Customers may also make a verified request to businesses to find out what categories and specific data the business has collected.[9]Separately consumers may also request information regarding the source of any personal data, the types of third parties the data has been shared with, and the specific purposes for which it has been used.[10]

Finally, businesses that have online privacy policies must include in those policies the categories of data collected, the categories of personal data sold in the last 12 months, and the categories of data disclosed in the last 12 months. The privacy policy must also include a description of how consumers may request information about their specific information, as well as how to delete stored consumer data or opt out of data sales.[11]

Right to be forgotten:

Unless an exception applies, a business must delete the collected personal data of a California resident on request. Businesses must also direct service providers to whom data has been disclosed to delete data.
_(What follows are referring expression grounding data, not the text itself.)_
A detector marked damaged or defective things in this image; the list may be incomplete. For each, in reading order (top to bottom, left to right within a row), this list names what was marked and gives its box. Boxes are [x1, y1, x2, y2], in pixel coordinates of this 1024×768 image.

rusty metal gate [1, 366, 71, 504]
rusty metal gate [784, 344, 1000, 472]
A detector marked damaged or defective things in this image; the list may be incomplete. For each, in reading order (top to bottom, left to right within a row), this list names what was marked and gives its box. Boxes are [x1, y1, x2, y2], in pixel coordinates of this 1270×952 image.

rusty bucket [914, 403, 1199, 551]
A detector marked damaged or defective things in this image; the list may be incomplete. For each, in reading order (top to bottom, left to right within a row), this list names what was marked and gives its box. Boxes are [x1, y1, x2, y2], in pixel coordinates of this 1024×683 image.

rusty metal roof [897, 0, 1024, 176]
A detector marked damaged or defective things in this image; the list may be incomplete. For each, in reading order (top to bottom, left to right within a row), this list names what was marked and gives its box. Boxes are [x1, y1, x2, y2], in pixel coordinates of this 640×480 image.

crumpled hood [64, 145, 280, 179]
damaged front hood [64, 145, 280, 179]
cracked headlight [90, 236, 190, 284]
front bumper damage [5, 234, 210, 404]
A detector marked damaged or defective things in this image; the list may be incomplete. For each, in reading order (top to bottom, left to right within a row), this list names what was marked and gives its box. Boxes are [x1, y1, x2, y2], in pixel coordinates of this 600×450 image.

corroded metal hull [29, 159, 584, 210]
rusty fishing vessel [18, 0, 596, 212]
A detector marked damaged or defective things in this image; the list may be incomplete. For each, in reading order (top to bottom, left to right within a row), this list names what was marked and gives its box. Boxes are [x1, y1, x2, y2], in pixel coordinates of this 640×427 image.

This requirement has important exceptions, mostly for data that is necessary for business operations. For example, businesses are not required to honor deletion requests if the data is necessary to: 1) complete the transaction for which the data was collected; 2) detect or protect against security incidents or illegal activity, or prosecute individuals responsible for illegal activity; 3) identify and repair errors that impair intended functionality; or 4) comply with laws and legal obligations.

Notice and opt-out:

Consumers have the right to request that businesses that sell personal data of the California resident stop selling such data to a third-party. This section is referred to as the right to opt-out. Businesses must provide notice directly to any customer prior to selling data. They must also give notice to consumers regarding how they may make that request in their privacy policy. This right only applies to information that falls under the “sales” category. Dealerships must therefore be aware of what types of data fall into this category.

“Freemium” limits:

A business cannot refuse to provide goods or services to individuals that exercise their privacy rights. However, the business can charge different prices or provide a different level of service to individuals based on their privacy selections, but only to the extent that the difference is “reasonably related to” the value provided by the individual’s data. If the business offers financial incentives for consumers to provide personal data, the business must notify individuals of the financial incentives, the consumer must expressly opt-in to the program, and the consumer must be able to opt-out at any time.

Public enforcement

AB 375 does not create a private right of action to enforce the privacy rights discussed above. Instead, the California Attorney General has sole authority to bring enforcement actions for violations. Businesses that are found to have violated the law will first receive a notice and 30 days to cure the violation. If the business does not cure within 30 days, it may face statutory damages up to $2,500 per violation. Intentional violators may face up to an additional $7,500 in statutory damages per violation, for up to $10,000 per violation.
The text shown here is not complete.